‘Visiting Edna’ delves into adult son to parent relationship as death looms


The power of ‘Visiting Edna,” Tony Award-winning playwright David Rabe’s play premiering at Steppenwolf Theatre, is the utter normalcy of the conversations that take place when a married son visits his terminally ill mother.

Debra Monk (Edna) and Ian Barford (Andrew) in 'Visiting Edna' at Steppenwolf Theatre. Photo by Michael Brosilow
Debra Monk (Edna) and Ian Barford (Andrew) in ‘Visiting Edna’ at Steppenwolf Theatre. Photo by Michael Brosilow

Rabe’s brilliance, projected in the superb acting of Debra Monk as Edna and Ian Barford as son Andrew, is that the drama is subtle enough to apply to almost any family and be understood and appreciated by any audience.

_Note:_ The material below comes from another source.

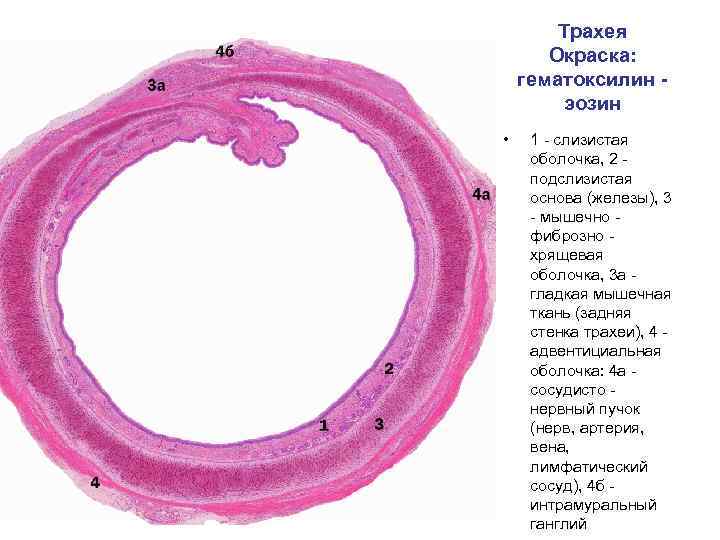 Трахея Окраска: гематоксилин эозин • 1 - слизистая оболочка, 2 подслизистая основа (железы), 3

Monk who has worked on Broadway and in film makes a terrific Steppenwolf debut as an elderly, small-town Iowa grandmother who is lonely after her husband and best friend die. Her children and grandchildren live elsewhere.

Already plagued by a heart condition, arthritis, diabetes and a colostomy, she learns that she is dying of cancer. But even with all her problems she wants to live. She also wants to see more of her son and be reassured that she was a good mother and is loved.

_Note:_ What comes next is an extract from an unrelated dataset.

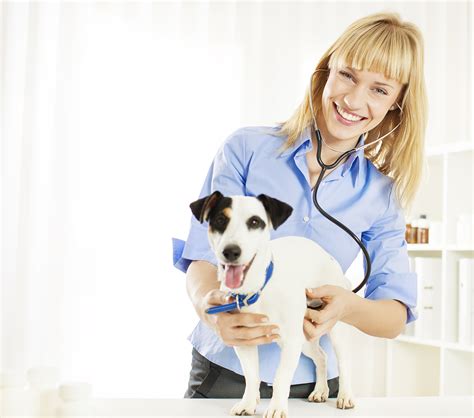 Small Animal Veterinary Surgery in Rio Rancho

Barford, a veteran Steppenwolf and Broadway actor, is the dutiful son who isn’t always sure how to react but tries to be helpful by taking Edna to another specialist. His family and successful career are on the East coast which may make it hard to visit often but he sends a small monthly check to help with expenses.

The foil characters here are two Steppenwolf ensemble members: television actor Tim Hopper who is the cancer that will take over Edna’s body, and Broadway actress Sally Murphy who is the television set that tries to counter despair and worry by suggesting distracting TV shows.

Directed by Tony Award-Winning Anna D. Shapiro of ‘August: Osage County’ fame, the production’s  four-way interaction among Edna, Andrew, cancer and TV set are so strong that someone battling cancer might want to think twice about seeing the show. However, anyone confronting aging and illness personally or in the family will arguably pick up messages from Rabe’s fine play.

One problem that doesn’t seem to be answered is that Edna and Andrew seem to feel there is some kind of gulf in their relationship. They seem to search for answers to why they are not closer but it’s hard to tell if they found the answers they wanted.